Los fundamentos de Bogdanov
El planteo original de Bogdanov, principal promotor de la noción de “cultura proletaria”, es parte de su balance de la derrota de la Revolución de 1905, cuando aún era miembro de la fracción bolchevique de la socialdemocracia rusa: el proletariado no había logrado entonces darse las herramientas necesarias para hegemonizar, desde una perspectiva propia, al conjunto de las masas oprimidas. En parte por ello, alejándose del bolchevismo tras sucesivas discusiones políticas durante la primera década del siglo XX, Bogdanov dedicó buena parte de sus esfuerzos a desarrollar una entera cosmovisión desde el punto de vista proletario.
Bogdanov trazaba un paralelo entre la revolución obrera y la burguesa, observando cómo esta última había desplegado, previamente a la toma del poder, su propia cosmovisión en todos los terrenos, desde el económico y científico, hasta el filosófico y artístico –lo que hoy de conjunto conocemos como Ilustración–. Algo similar, pensaba Bogdanov, debía elaborar la clase obrera, plasmando su visión del mundo en una “cultura proletaria”. Hablaba incluso de un “enciclopedismo obrero”, al modo del monumental proyecto de la Enciclopedia de Diderot y D’Alambert, y de Universidades y ciencias proletarias [2]:
Esto significa una ciencia que sea aceptable, entendible y componente de la misión vital del proletariado, una ciencia que esté organizada desde el punto de vista del proletariado, una que sea capaz de dirigir las fuerzas del proletariado en su lucha por implementar sus ideales sociales [3].

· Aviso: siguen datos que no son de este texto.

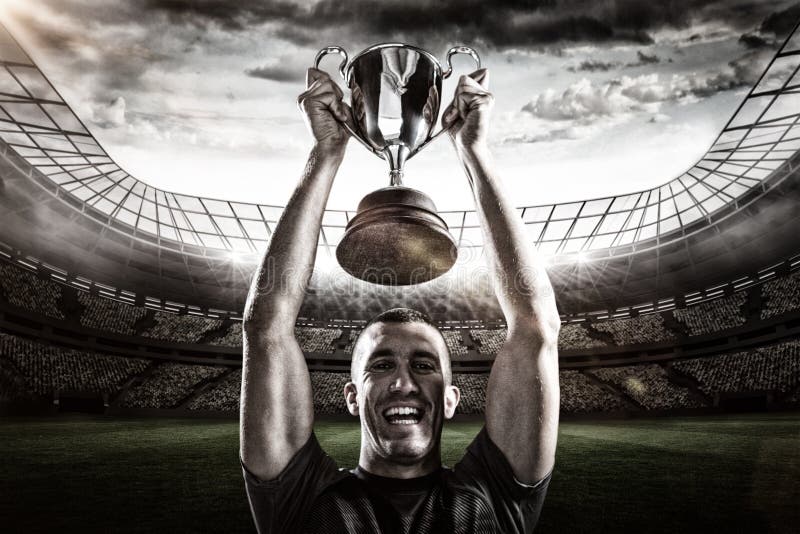 Imagem composta 3D do retrato do jogador bem sucedido do rugby que guarda o troféu imagens de stock Imagem composta 3D do retrato do jogador bem sucedido do rugby que guarda o troféu imagens de stock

La falta de esta perspectiva es lo que lo lleva a oponerse también a la toma del poder en Octubre, que considera prematura, aunque luego de realizada colabore con el nuevo Estado sobre todo a través de su papel como dirigente del Proletkult, del que era dirigente junto con una gran mayoría de militantes del Partido Bolchevique.
Sus concepciones encontrarían eco en algunos de ellos, como en Pletnev, para quien la dictadura del proletariado, como tal, “no existe” en la medida en que los bolcheviques necesitan acordar y conceder en algunos casos su programa con otras fuerzas como los Socialrevolucionarios. Esas alianzas pueden ser necesarias en el terreno político, pero no puede confiar en otros sectores de clase para la construcción de una nueva cultura proletaria, porque terminarían primando sus influencias pequeñoburguesas, advertía, y por ello corresponde al Proletkult la tarea de defender este eje central en la construcción del socialismo [4].
En el terreno artístico, propuestas como la que esboza Bogdanov en 1918 se vieron expresadas en diversos pronunciamientos del Proletkult, y eran la base de su insistencia en la ruptura con la tradición cultural previa, que se consideraba un vehículo de la ideología burguesa con la que por lo tanto había que romper –aunque los planteos de Bogdanov, que demandaban un beneficio de inventario respecto a la tradición anterior, no compartían el espíritu iconoclasta que manifestaron muchos miembros del Proletkult–.
¿Cómo sería esa cultura proletaria? En un texto de 1920, “Los caminos de la creación proletaria” [5], plantea: “Los métodos de creación proletaria se basan en los métodos del trabajo proletario, es decir, el tipo de trabajo que caracteriza a los trabajadores de la industria pesada moderna”. De allí deriva como características del trabajo proletario el colectivismo, producido por la “colaboración masiva y de la asociación entre tipos especializados de trabajo dentro de la producción mecánica”; y el monismo, que en la ciencia y la filosofía habría encarnado el monismo metodológico del marxismo, a base del cual debería desarrollarse una “ciencia organizacional universal, uniendo monísticamente toda la experiencia organizacional del hombre en su trabajo y lucha social”, que llamará tectología.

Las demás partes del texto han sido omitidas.